*** Source data ***
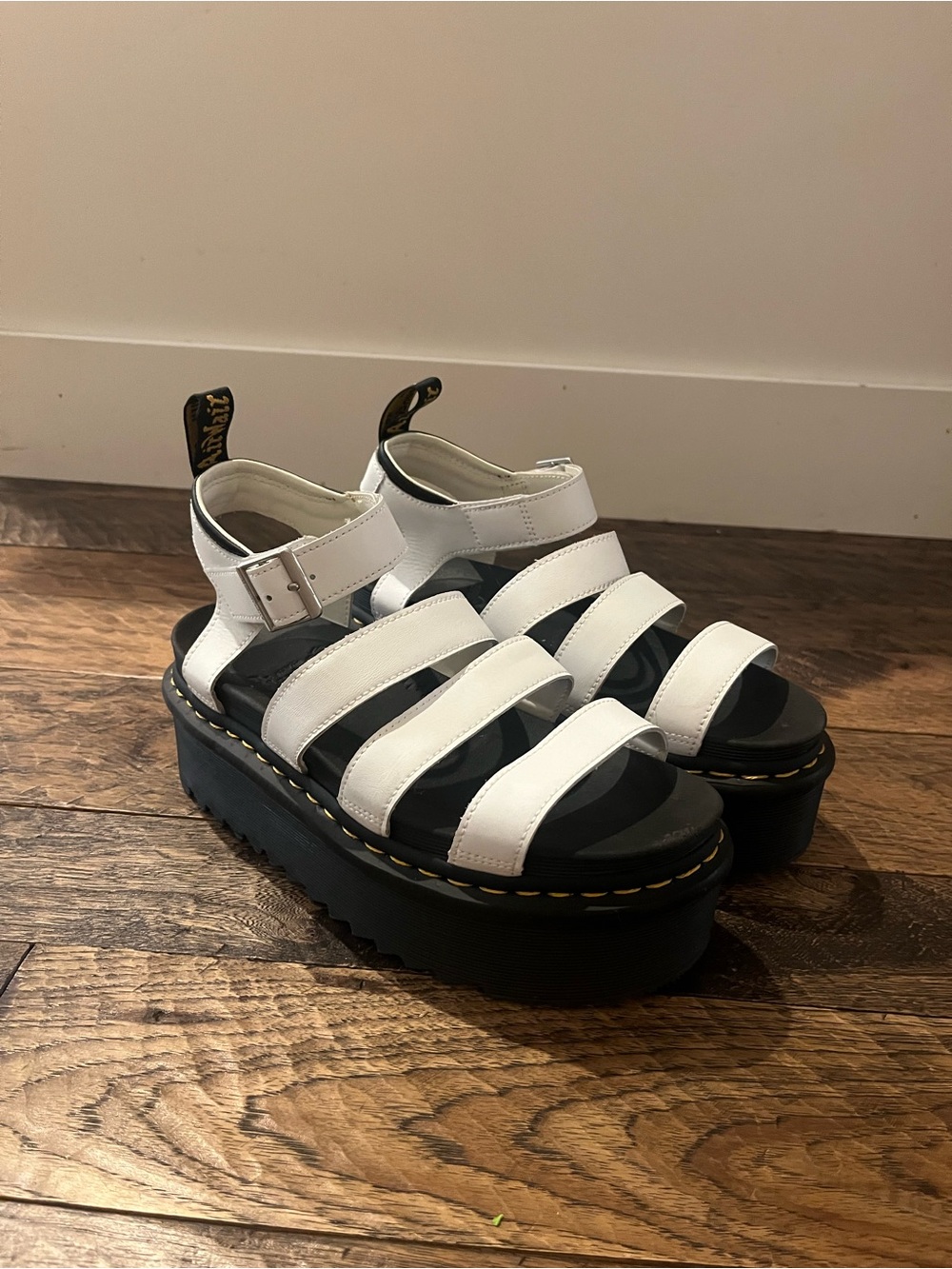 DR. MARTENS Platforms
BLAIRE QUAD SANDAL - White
*** End of Source data ***
*** Source data ***
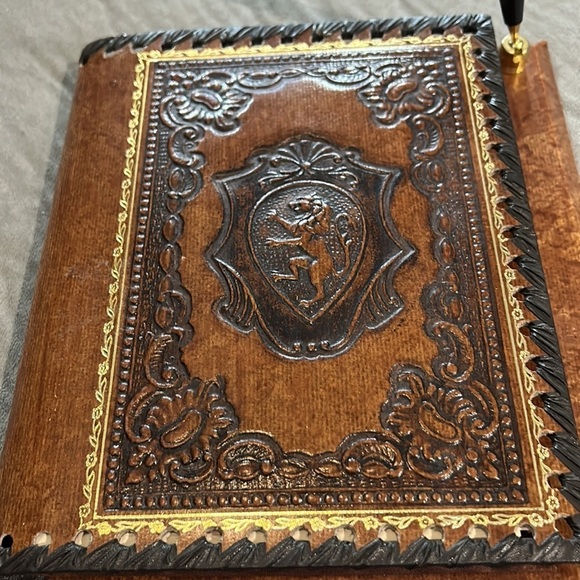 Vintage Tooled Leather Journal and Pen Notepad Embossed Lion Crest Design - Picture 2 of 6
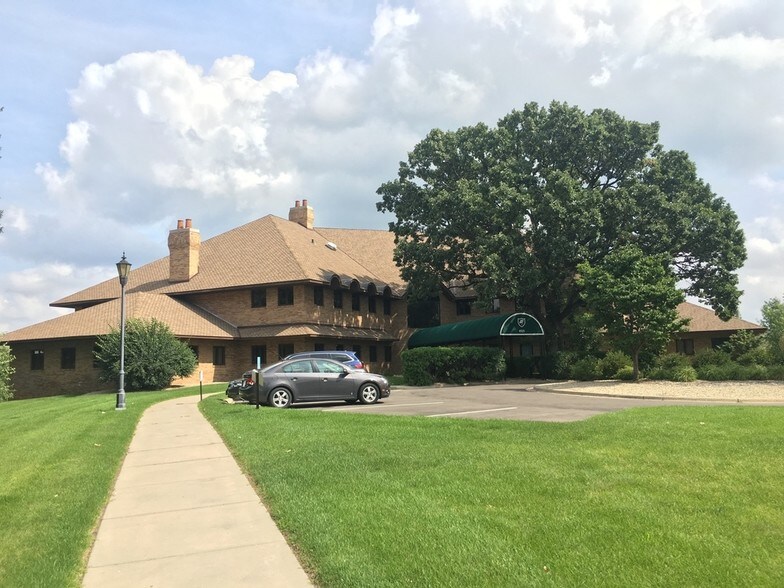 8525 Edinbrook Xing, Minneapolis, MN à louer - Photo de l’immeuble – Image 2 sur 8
*** End of Source data ***
*** Source data ***
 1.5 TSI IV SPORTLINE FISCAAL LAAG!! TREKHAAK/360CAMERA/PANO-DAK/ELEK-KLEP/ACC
*** End of Source data ***
In the data above, find the line containing "Vintage Tooled Leather" and the line containing "8525 Edinbrook Xing, Minneapolis, MN". Repeat those two lines and everything between them exactly, minus the pictures.

Output
 Vintage Tooled Leather Journal and Pen Notepad Embossed Lion Crest Design - Picture 2 of 6
 8525 Edinbrook Xing, Minneapolis, MN à louer - Photo de l’immeuble – Image 2 sur 8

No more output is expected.